I fought the law and I won!

Some of you know I was stuck in a legal case for a very long time. It didn’t seem so bad at first, except for the fact that I am allergic to officials and lawyers, but I had #faith that I would simply win. That didn’t happen. The appeal took forever and a day, and my allergy got worse. Then finally I got the letter, found out that I won the case, and realised how little else I actually accomplished in those last months. I mean, apart from finishing, designing, then publishing a book, promoting it as well as I could, working on its soundtrack, dealing with legal stuff and with health issues both mine and those of my family members, working on the next book(s) about which in a moment, accidentally networking (I am allergic to the word “networking”, but it transpires that being nice to people on social media and interacting with them is also called “networking”, even if I am not wearing a suit), preparing a large online contest (I am, uh, just about to start working on it, but I’ve done a lot of thinking, OK?), and I just got tired typing this…

*a brief nap follows*

….yaaaaaawnyway, now that the case is over I am experiencing a strange empty feeling. I got so busy with it that I forgot what I was even fighting for, until I got it. In my head the upcoming decades were a parade of lawyers and hearings. I was keeping myself busy half-heartedly rewriting the same work in progress, then in the last weeks things slightly escalated, and now I am writing four books at once.

*awkward silence*

 

New Ásgard, who dis?

The first and second are two parts of the same story, but each of the books is a different genre. The first part is historically accurate fantasy, the second – historical fiction with fantasy elements. (This translates to “less Gods and worlds, more mortals and discoveries of Iceland”.) For the first part I took certain Norse myths and sagas and decided to expand them into a novel, as the way they were originally written tends to be a bit like this:

The troll stole my mead
So I killed him
And his hamster
The end.

My take is a bit more of…literary fantasy, if that even exists. I’m less interested in the troll-killing part and more in motivations (what’s so damn special about this mead?), personalities (are trolls nice and fluffy?), side characters (how did the hamster feel about the whole ordeal?). Still, fantasy is fantasy, and while I have a tendency to describe the battles as “once everything was over…”, some readers might not appreciate that.

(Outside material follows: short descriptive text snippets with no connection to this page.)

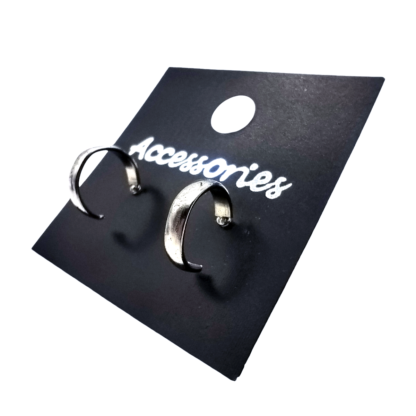 Aro Argolla 10mm.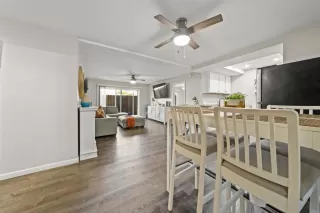 Photo #6: PTP2602557 Listing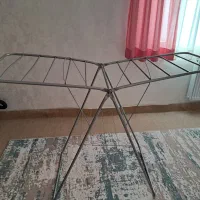 بند رخت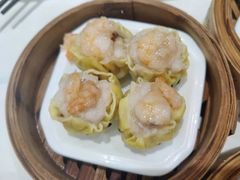 -坚记酒家·佛山老字号·顺德鱼生标准示范店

The second part largely concerns itself with the discovery of the new Ásgard, also known as Iceland, by Hrafna-Flóki. This is where the historical accuracy becomes really important. On one hand, the research will help with the worldbuilding thanks to the fact that Earth already exists and so do the maps. On the other, there are currently ten books staring at me menacingly from the side table. I’m…just about to start on them very soon…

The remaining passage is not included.